• **Short text fragments from websites**:

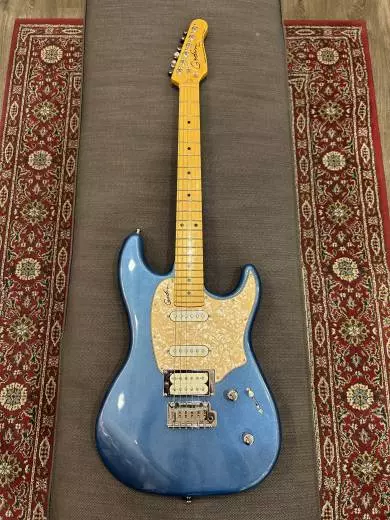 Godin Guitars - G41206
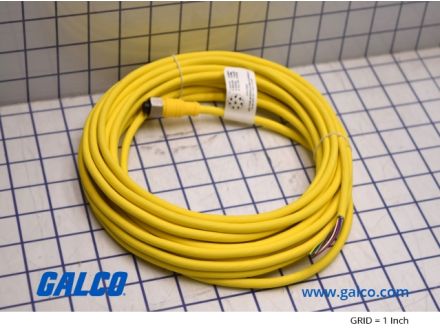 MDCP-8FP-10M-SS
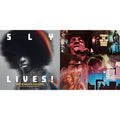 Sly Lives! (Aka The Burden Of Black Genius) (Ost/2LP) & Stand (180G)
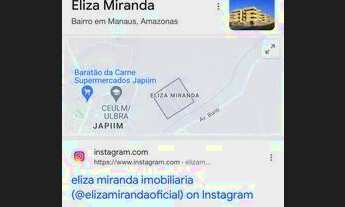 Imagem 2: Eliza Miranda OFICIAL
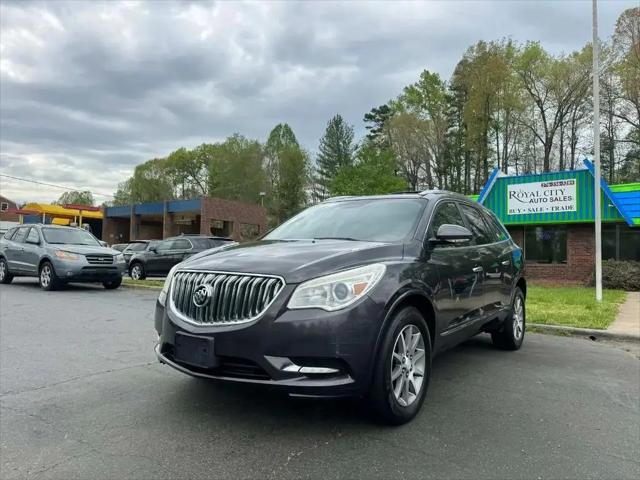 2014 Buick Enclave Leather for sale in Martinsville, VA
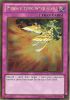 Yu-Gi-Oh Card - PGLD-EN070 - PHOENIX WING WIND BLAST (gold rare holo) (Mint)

...

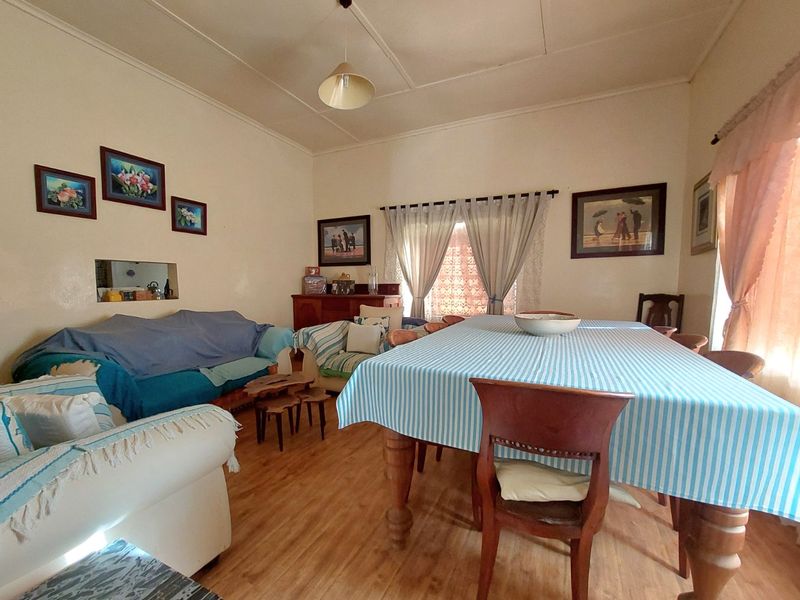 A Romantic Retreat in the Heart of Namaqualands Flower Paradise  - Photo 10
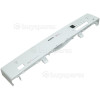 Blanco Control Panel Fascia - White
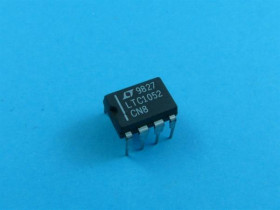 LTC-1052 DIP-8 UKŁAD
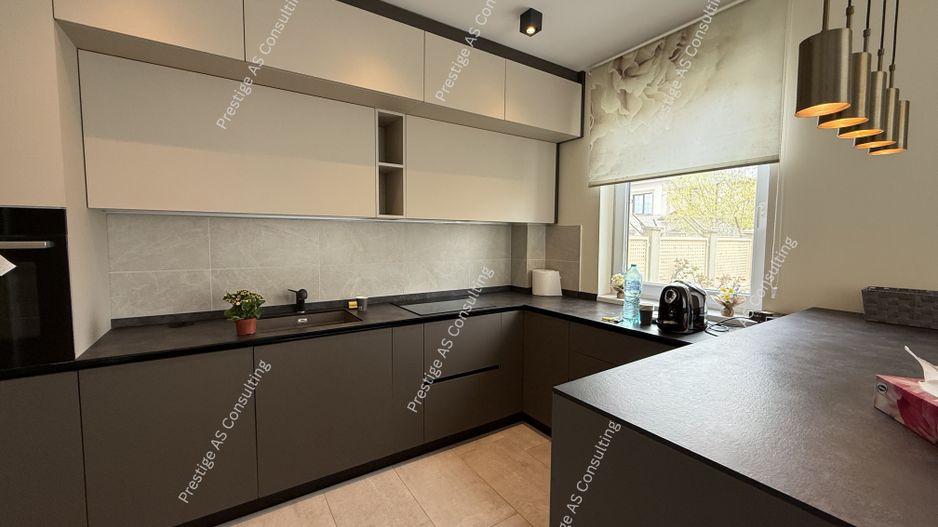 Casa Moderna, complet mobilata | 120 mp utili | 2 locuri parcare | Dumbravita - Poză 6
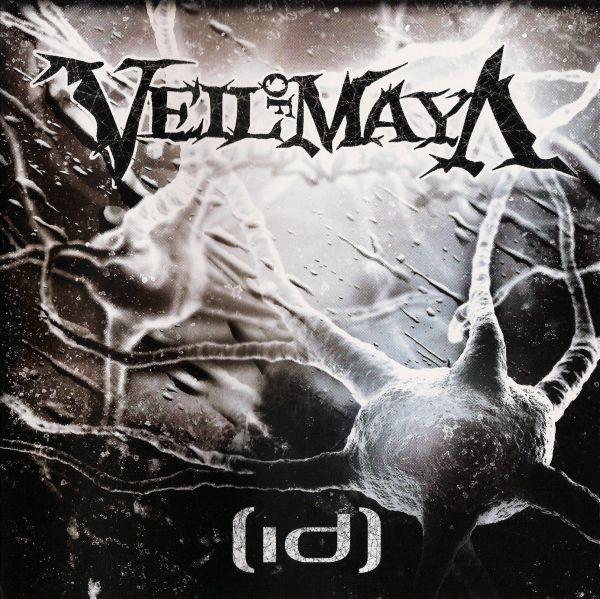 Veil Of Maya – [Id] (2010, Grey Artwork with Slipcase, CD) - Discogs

==

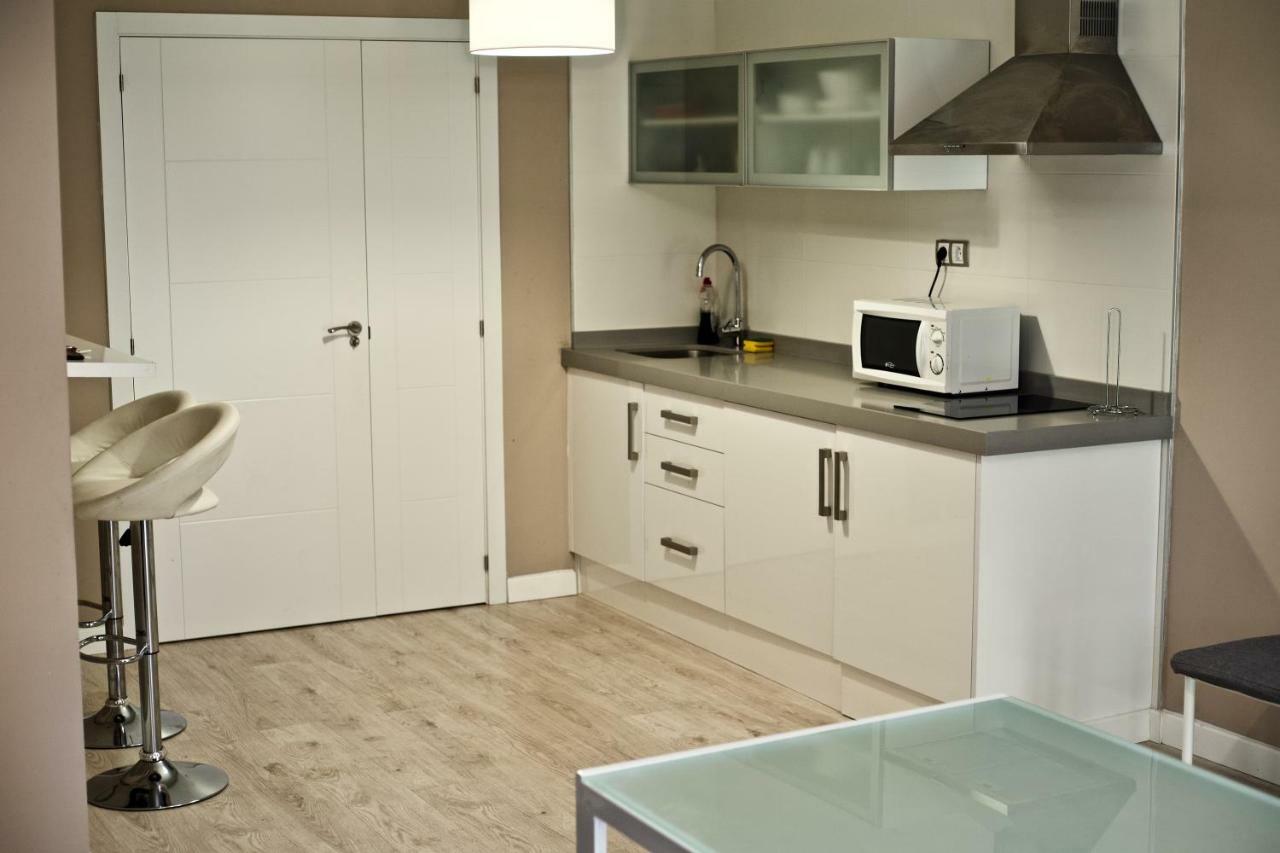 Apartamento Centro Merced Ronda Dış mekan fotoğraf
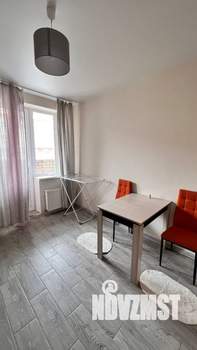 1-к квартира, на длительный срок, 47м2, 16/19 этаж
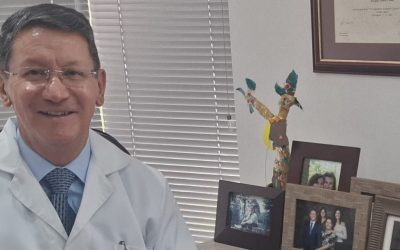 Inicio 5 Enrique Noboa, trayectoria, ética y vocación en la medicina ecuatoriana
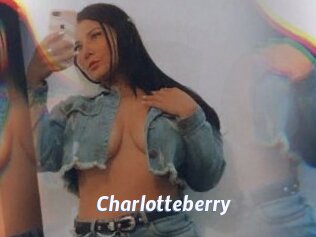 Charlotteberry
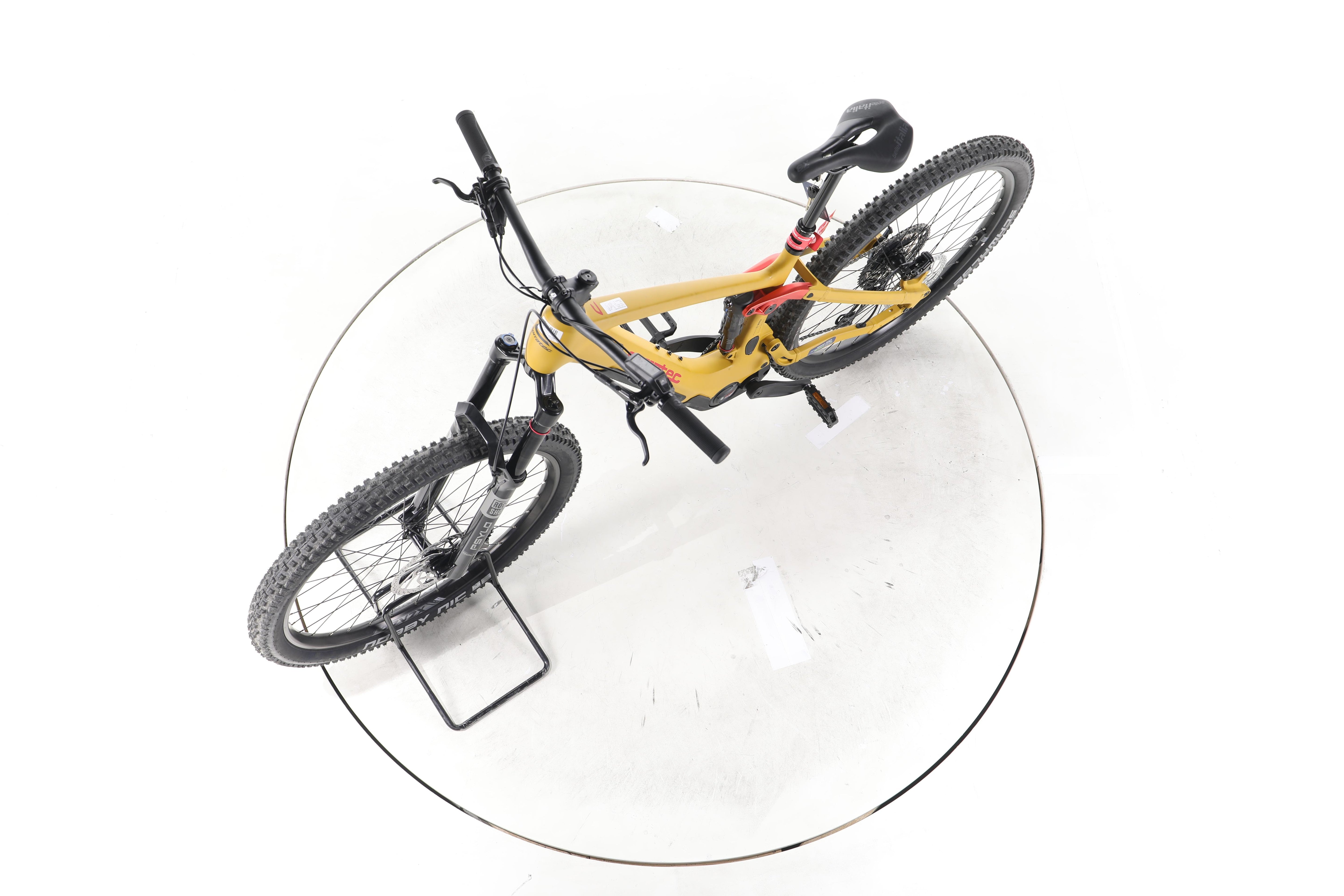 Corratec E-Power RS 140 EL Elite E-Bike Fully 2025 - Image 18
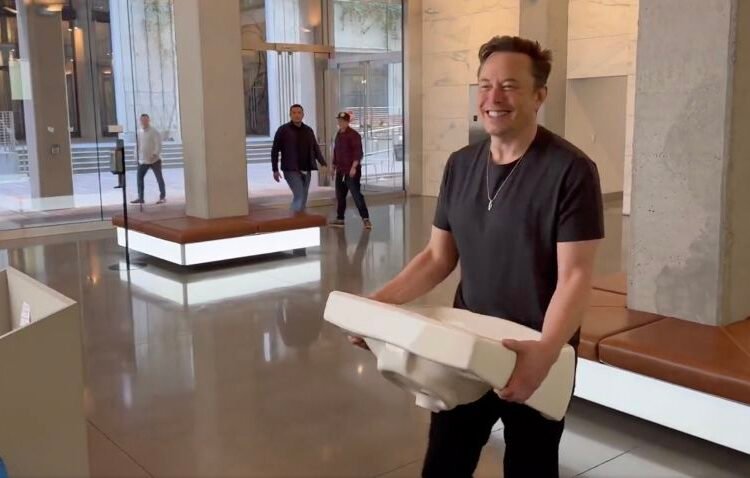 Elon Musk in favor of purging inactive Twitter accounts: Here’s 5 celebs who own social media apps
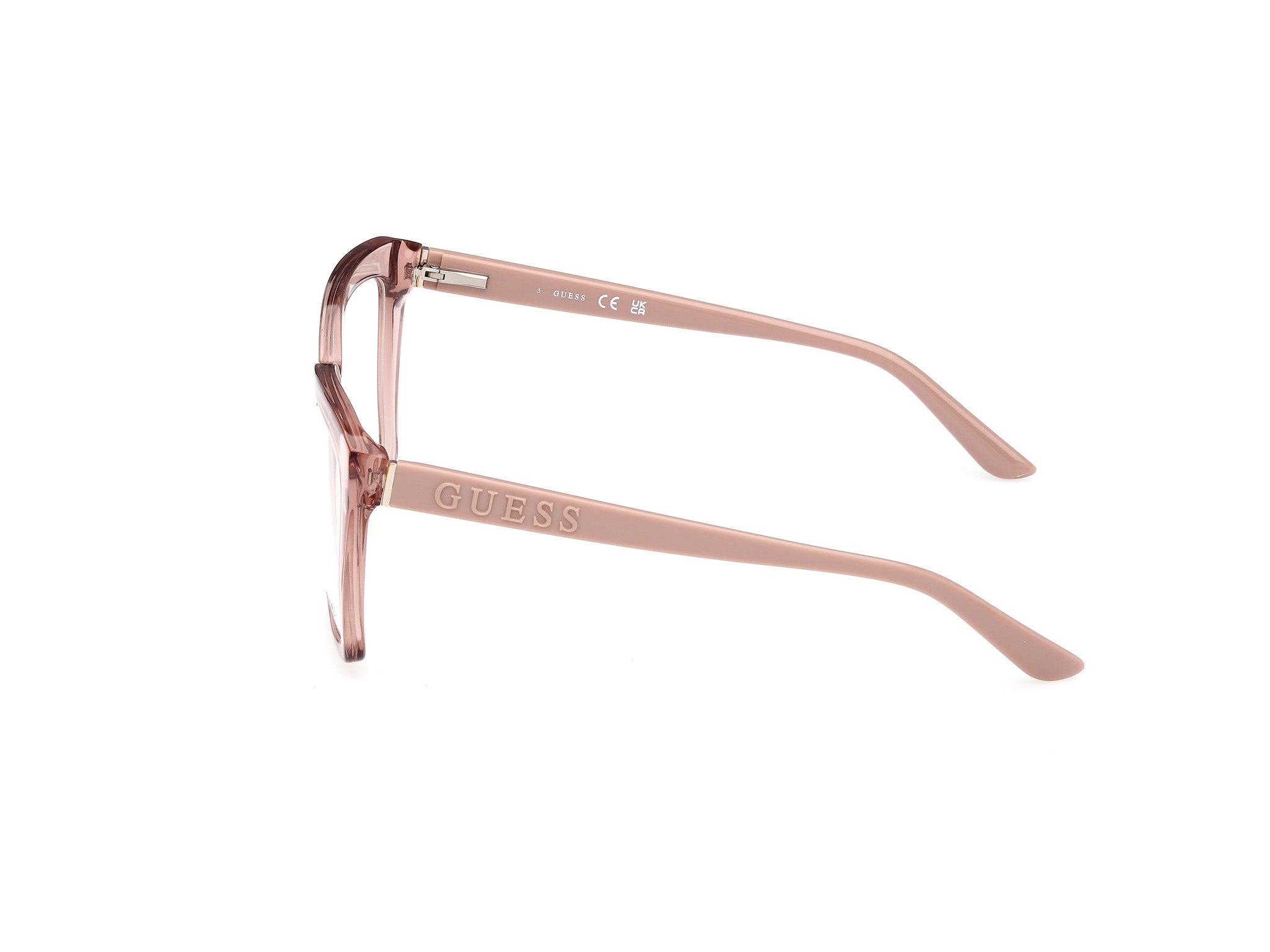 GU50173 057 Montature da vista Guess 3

• **Directions**:
Take the lines above starting at the one containing "1-к квартира, на" and ending at the one containing "GU50173 057 Montature da vista Guess 3", and print them again exactly, without pictures.

• **Answer to the problem**:
 1-к квартира, на длительный срок, 47м2, 16/19 этаж
 Inicio 5 Enrique Noboa, trayectoria, ética y vocación en la medicina ecuatoriana
 Charlotteberry
 Corratec E-Power RS 140 EL Elite E-Bike Fully 2025 - Image 18
 Elon Musk in favor of purging inactive Twitter accounts: Here’s 5 celebs who own social media apps
 GU50173 057 Montature da vista Guess 3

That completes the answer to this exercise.